Activity: Below this line are records; transcribe exactly the lines between the one holding "Photo 21 of" and the one holding "[Fancam]100608 SS501 Hyun", inclusive, and omit the pictures.

Data extracted from a collection:

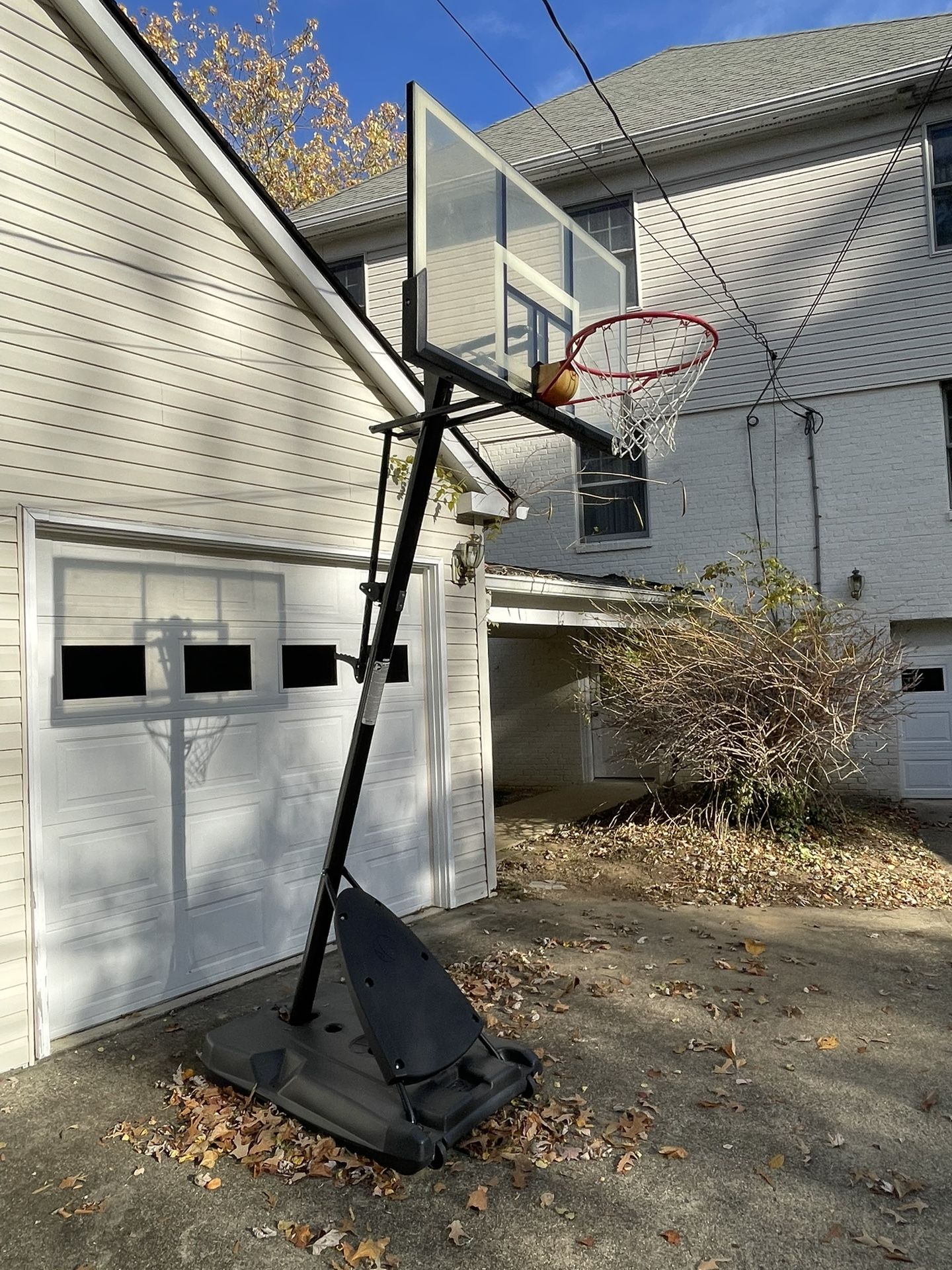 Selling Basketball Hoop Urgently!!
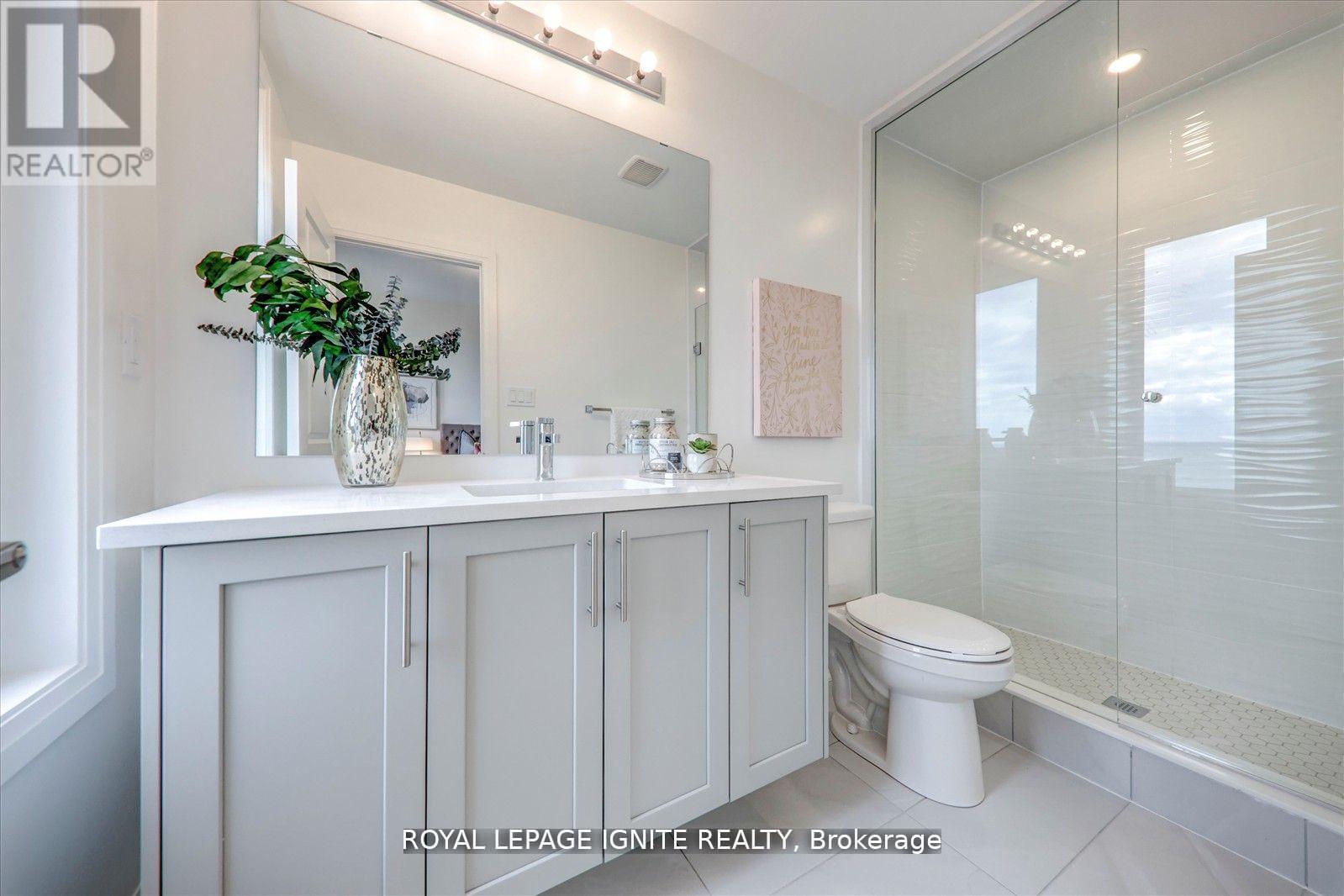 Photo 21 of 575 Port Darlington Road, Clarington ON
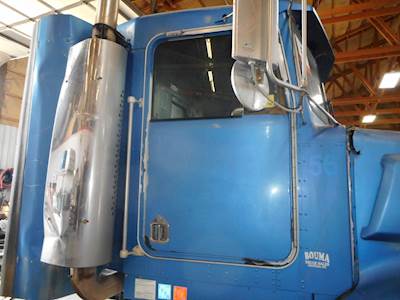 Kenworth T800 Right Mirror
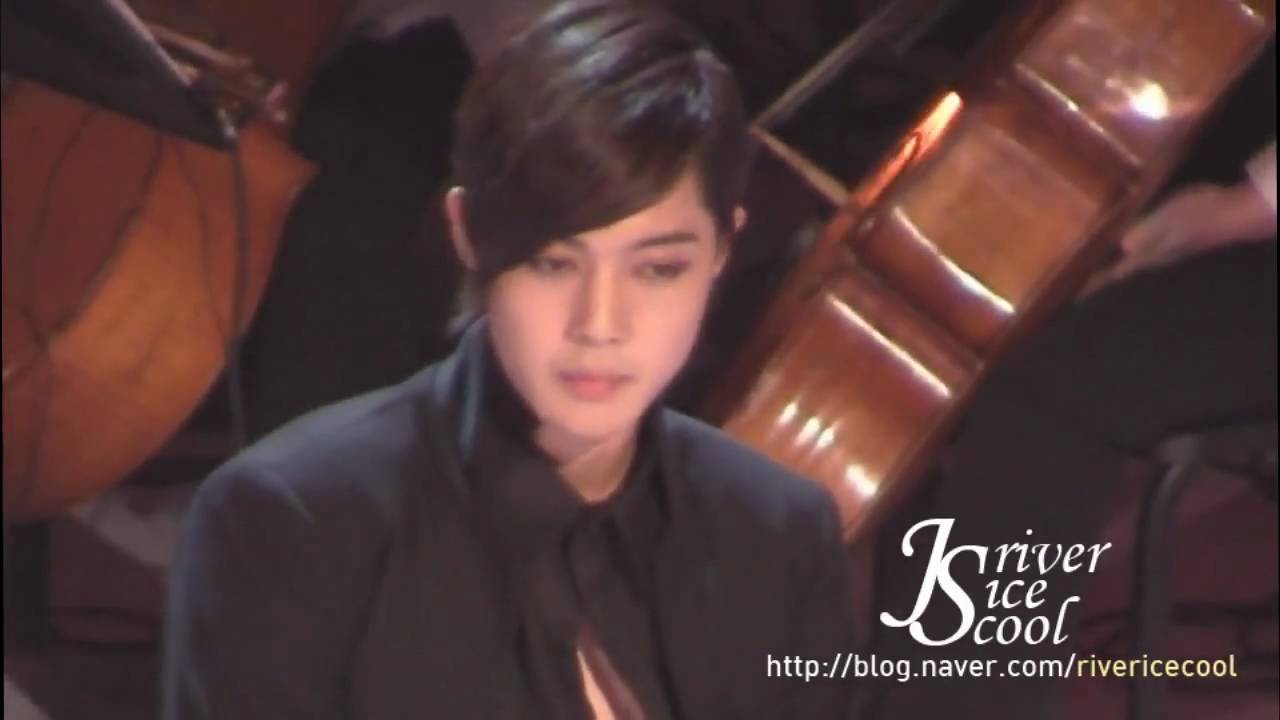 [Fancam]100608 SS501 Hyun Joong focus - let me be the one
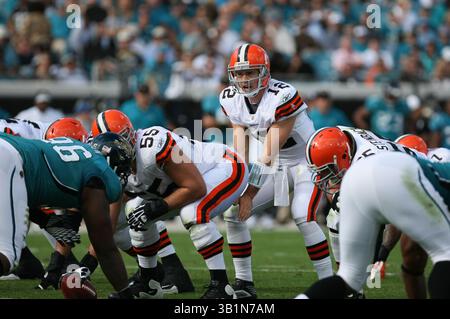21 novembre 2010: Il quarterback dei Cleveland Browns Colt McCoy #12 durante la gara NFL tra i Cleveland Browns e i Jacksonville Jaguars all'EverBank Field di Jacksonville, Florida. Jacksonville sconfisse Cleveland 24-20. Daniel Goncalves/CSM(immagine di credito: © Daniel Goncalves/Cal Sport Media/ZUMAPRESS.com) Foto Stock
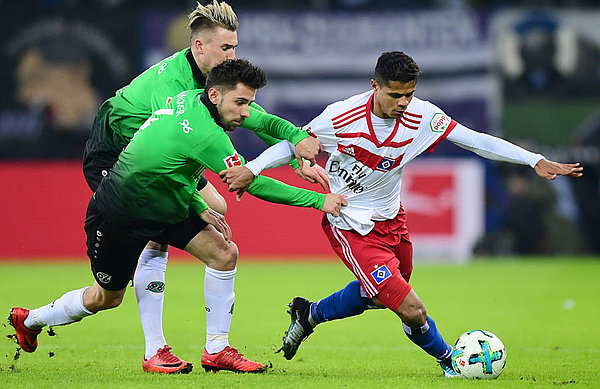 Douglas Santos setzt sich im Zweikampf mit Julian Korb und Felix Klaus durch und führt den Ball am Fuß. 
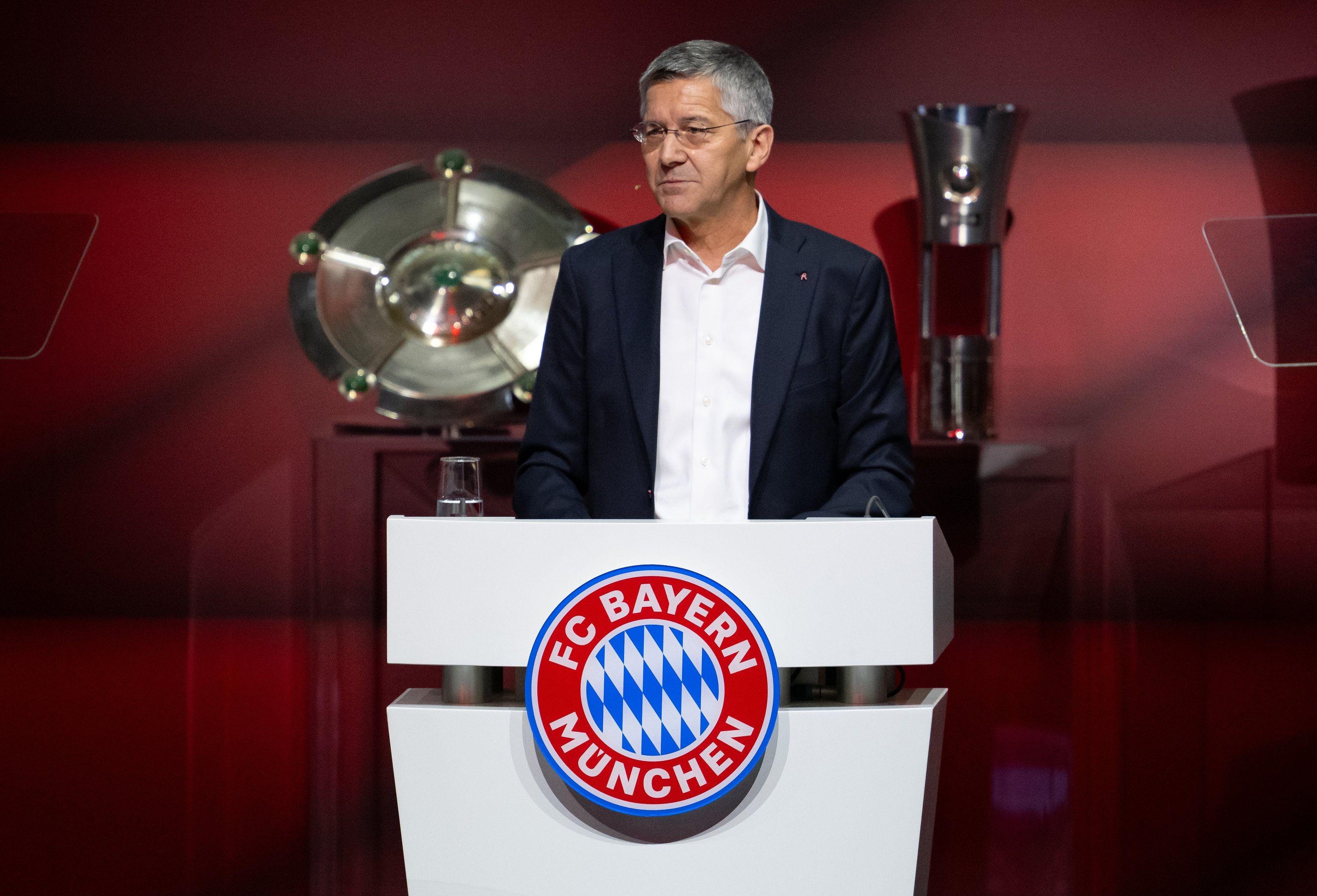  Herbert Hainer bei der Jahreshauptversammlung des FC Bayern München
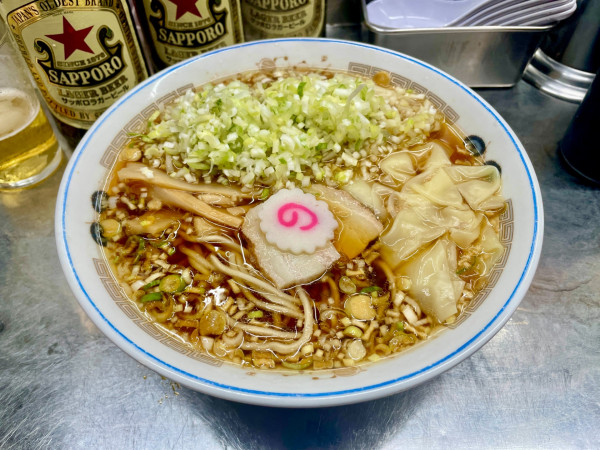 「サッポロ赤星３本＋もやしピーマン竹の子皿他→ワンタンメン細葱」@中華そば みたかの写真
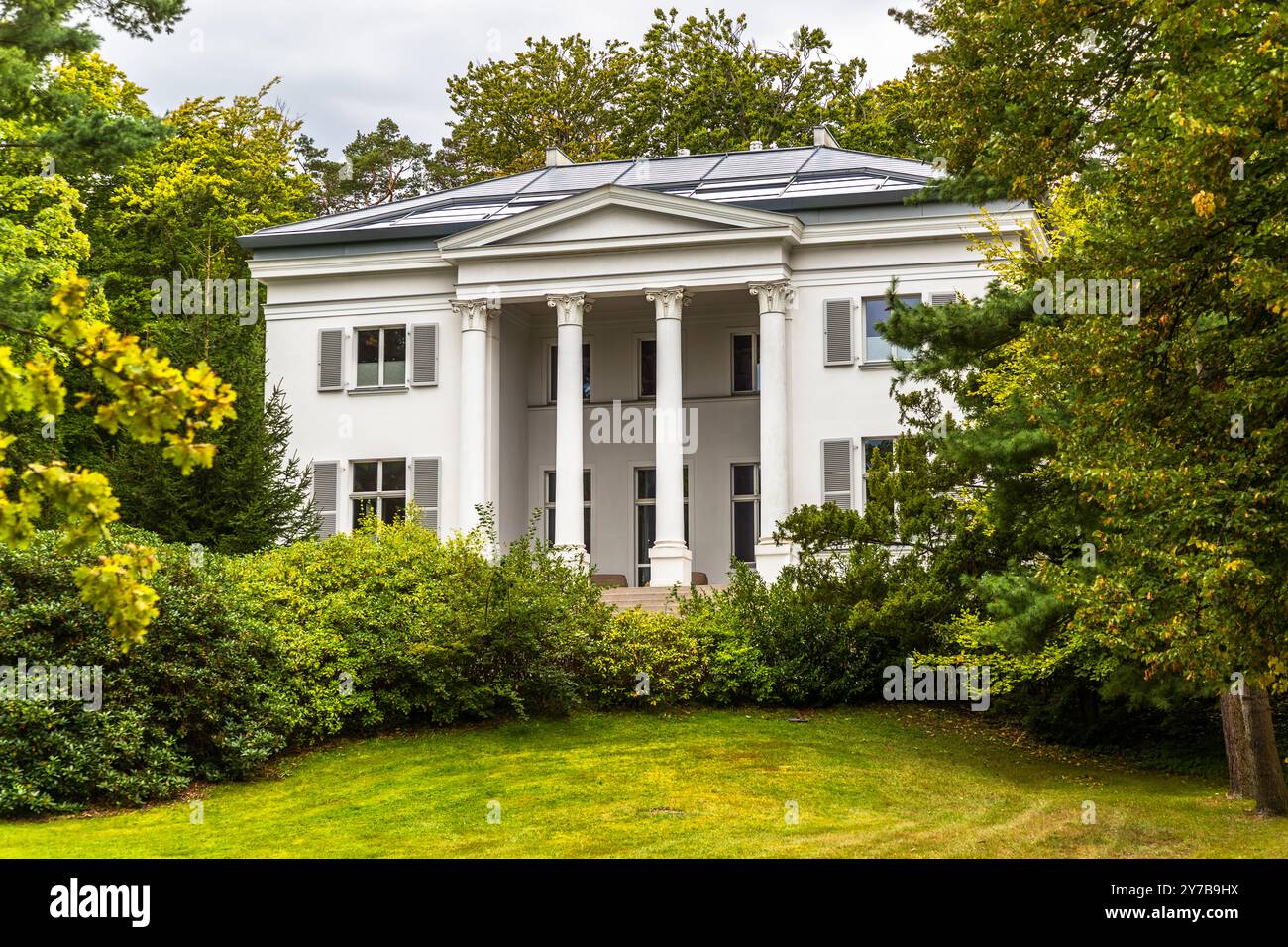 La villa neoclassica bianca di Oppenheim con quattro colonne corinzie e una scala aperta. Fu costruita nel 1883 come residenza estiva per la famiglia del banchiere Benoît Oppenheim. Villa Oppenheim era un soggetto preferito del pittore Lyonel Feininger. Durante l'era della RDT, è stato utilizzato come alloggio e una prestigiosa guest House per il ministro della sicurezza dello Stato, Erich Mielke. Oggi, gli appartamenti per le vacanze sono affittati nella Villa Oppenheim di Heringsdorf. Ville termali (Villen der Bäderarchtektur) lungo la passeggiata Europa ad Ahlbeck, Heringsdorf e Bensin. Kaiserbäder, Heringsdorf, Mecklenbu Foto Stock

Expected output:
 Photo 21 of 575 Port Darlington Road, Clarington ON
 Kenworth T800 Right Mirror
 [Fancam]100608 SS501 Hyun Joong focus - let me be the one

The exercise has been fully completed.